▸ INFORMATION SUPPLIED:
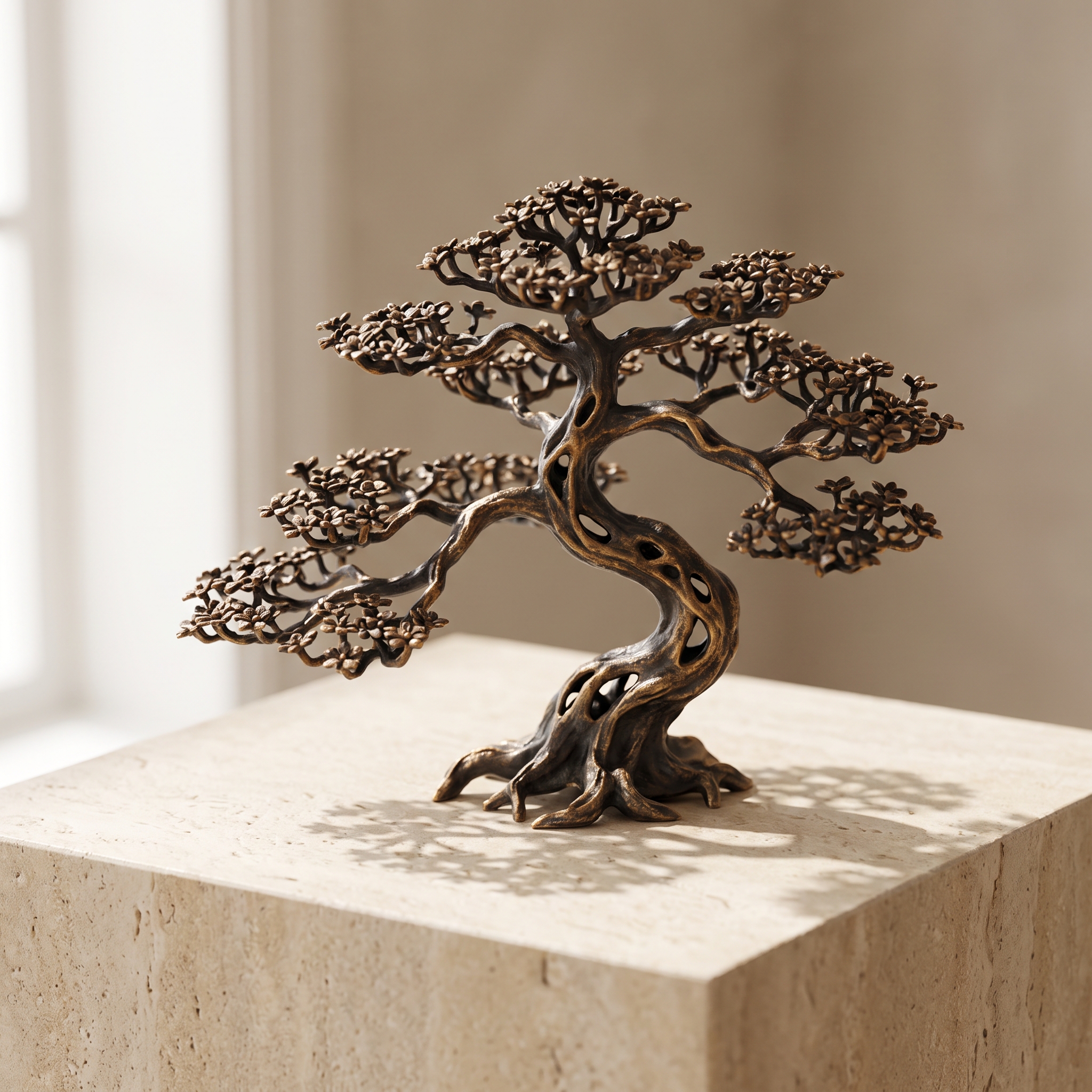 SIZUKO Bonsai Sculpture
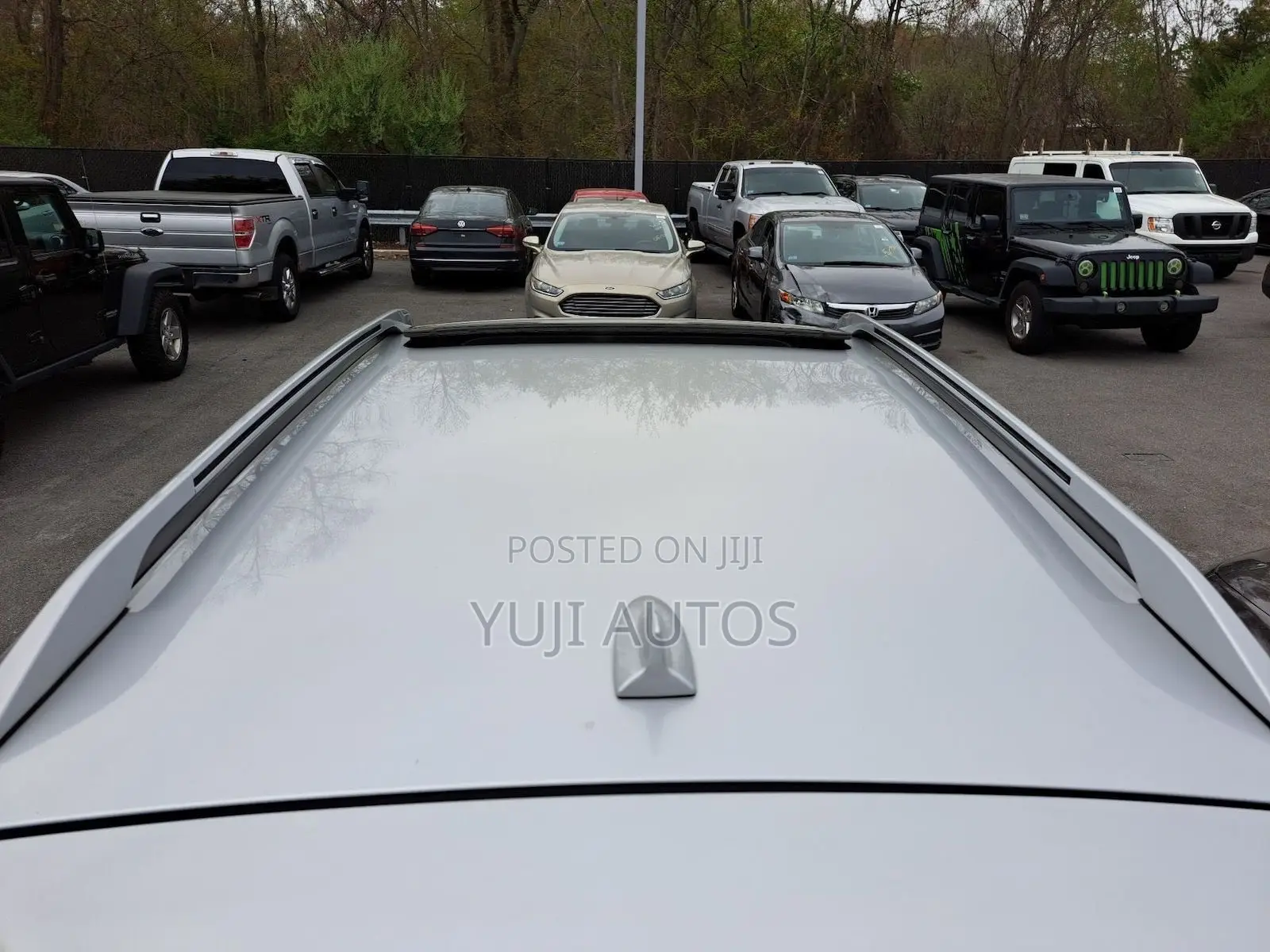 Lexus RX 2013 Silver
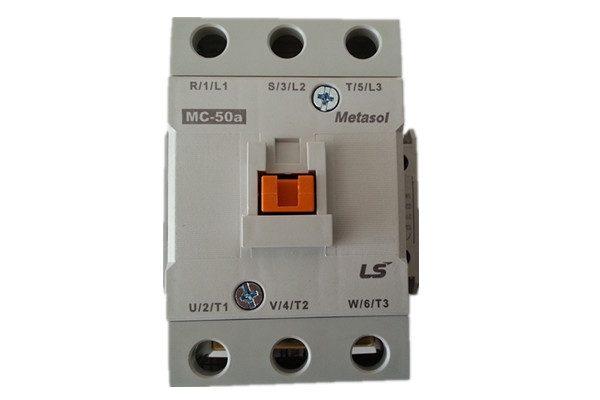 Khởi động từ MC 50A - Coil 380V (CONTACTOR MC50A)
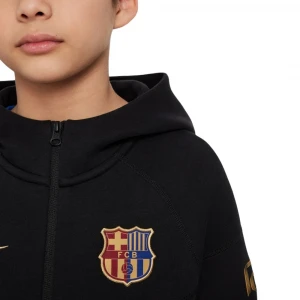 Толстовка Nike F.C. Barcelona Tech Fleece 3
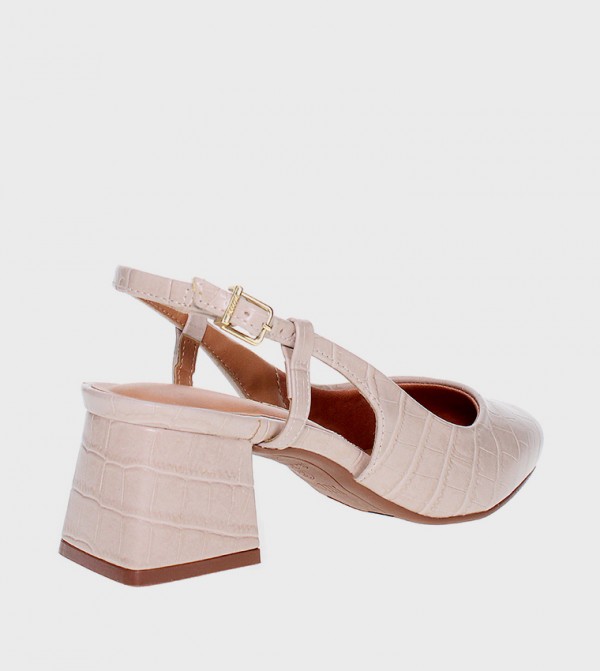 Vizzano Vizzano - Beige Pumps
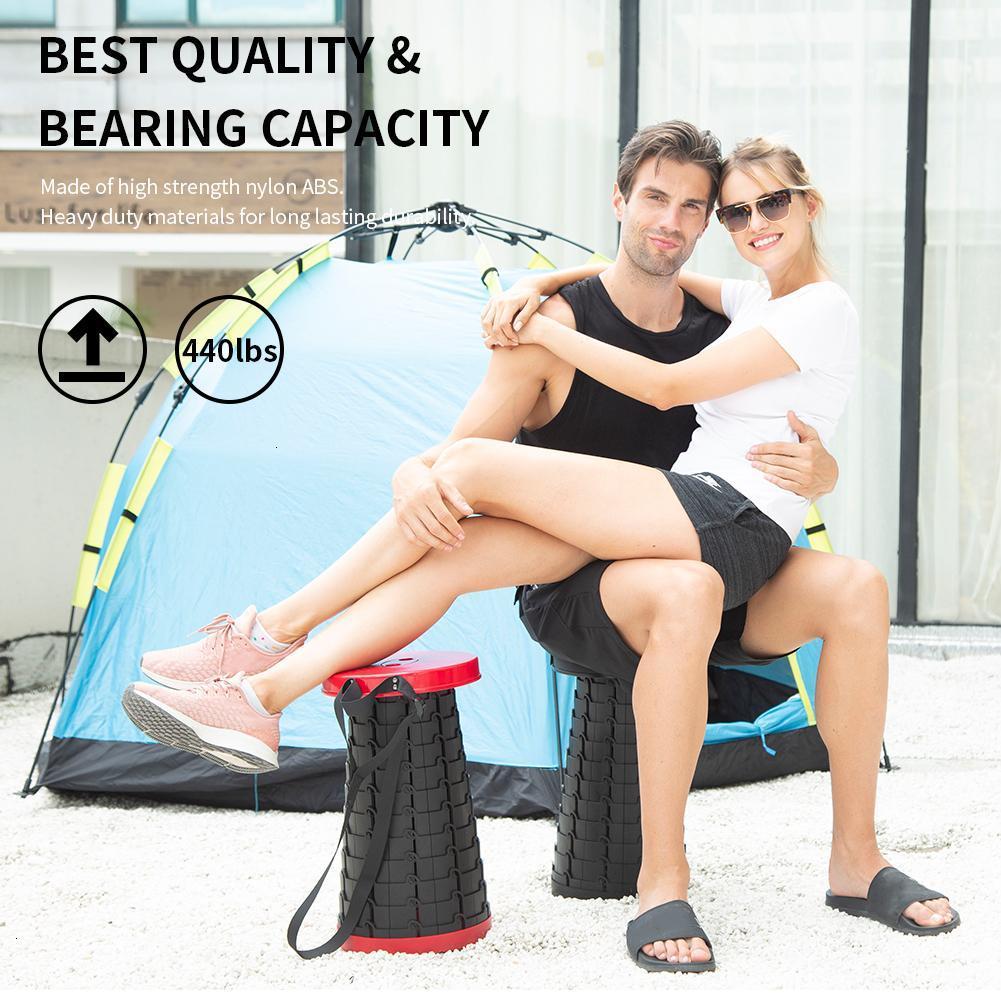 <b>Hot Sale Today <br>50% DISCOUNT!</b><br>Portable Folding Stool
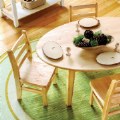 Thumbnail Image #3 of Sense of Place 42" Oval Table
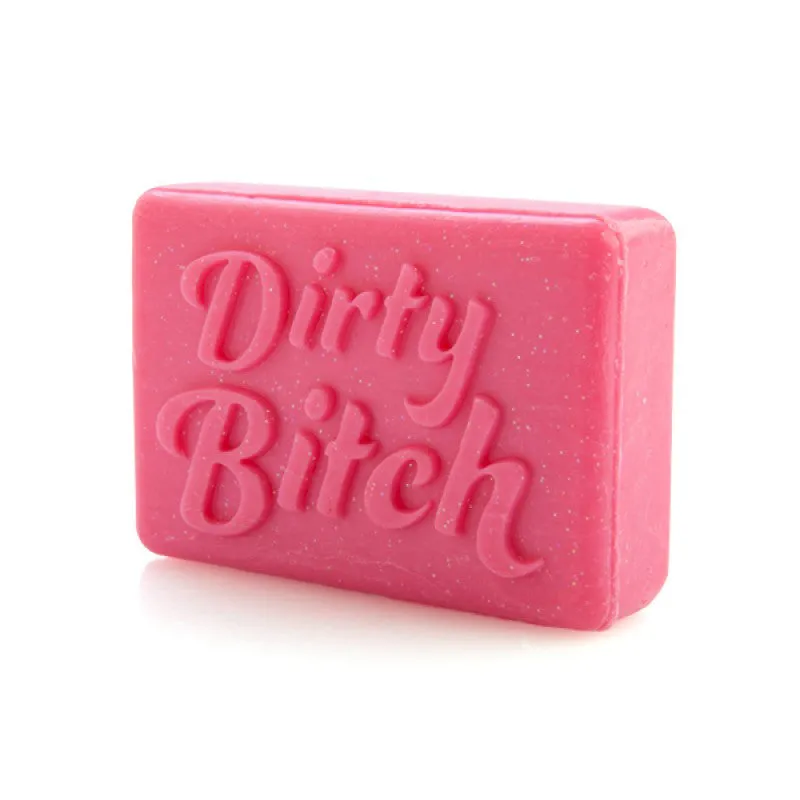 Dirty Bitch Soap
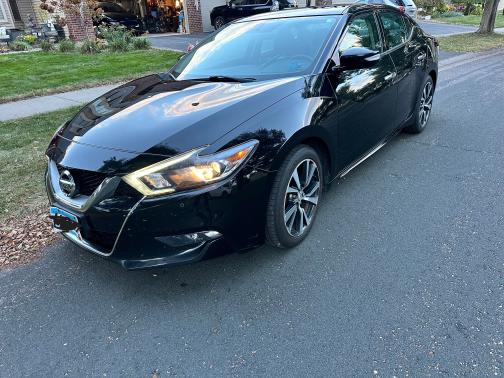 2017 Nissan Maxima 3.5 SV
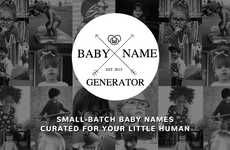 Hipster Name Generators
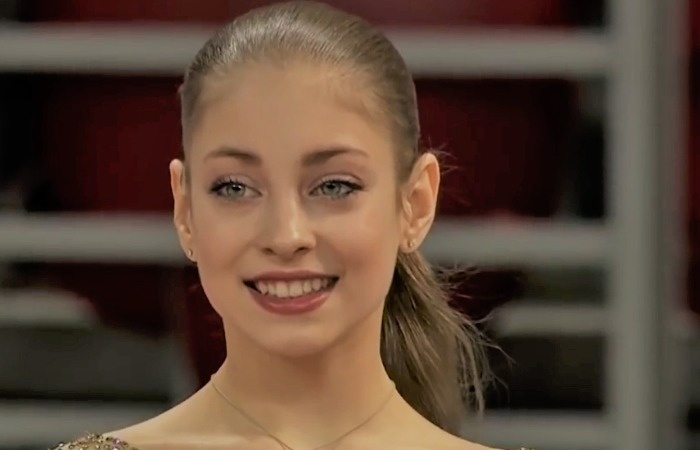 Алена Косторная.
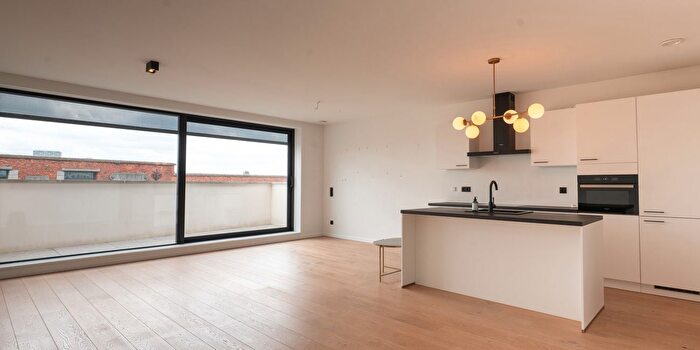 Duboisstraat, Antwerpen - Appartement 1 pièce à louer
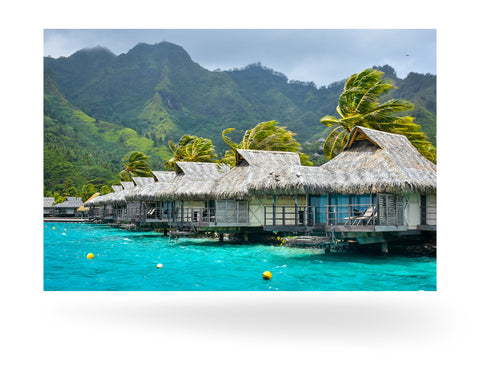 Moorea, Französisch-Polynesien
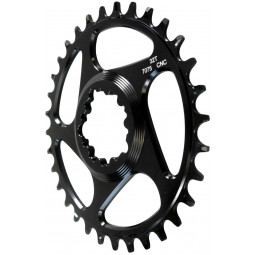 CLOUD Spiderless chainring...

▸ AIM OF THE EXERCISE: Starting at the line that holds "Hipster Name Generators", print each line through the last one of the entries above, exactly and with both ends included; no pictures.

▸ PROBLEM SOLUTION:
 Hipster Name Generators
 Алена Косторная.
 Duboisstraat, Antwerpen - Appartement 1 pièce à louer
 Moorea, Französisch-Polynesien
 CLOUD Spiderless chainring...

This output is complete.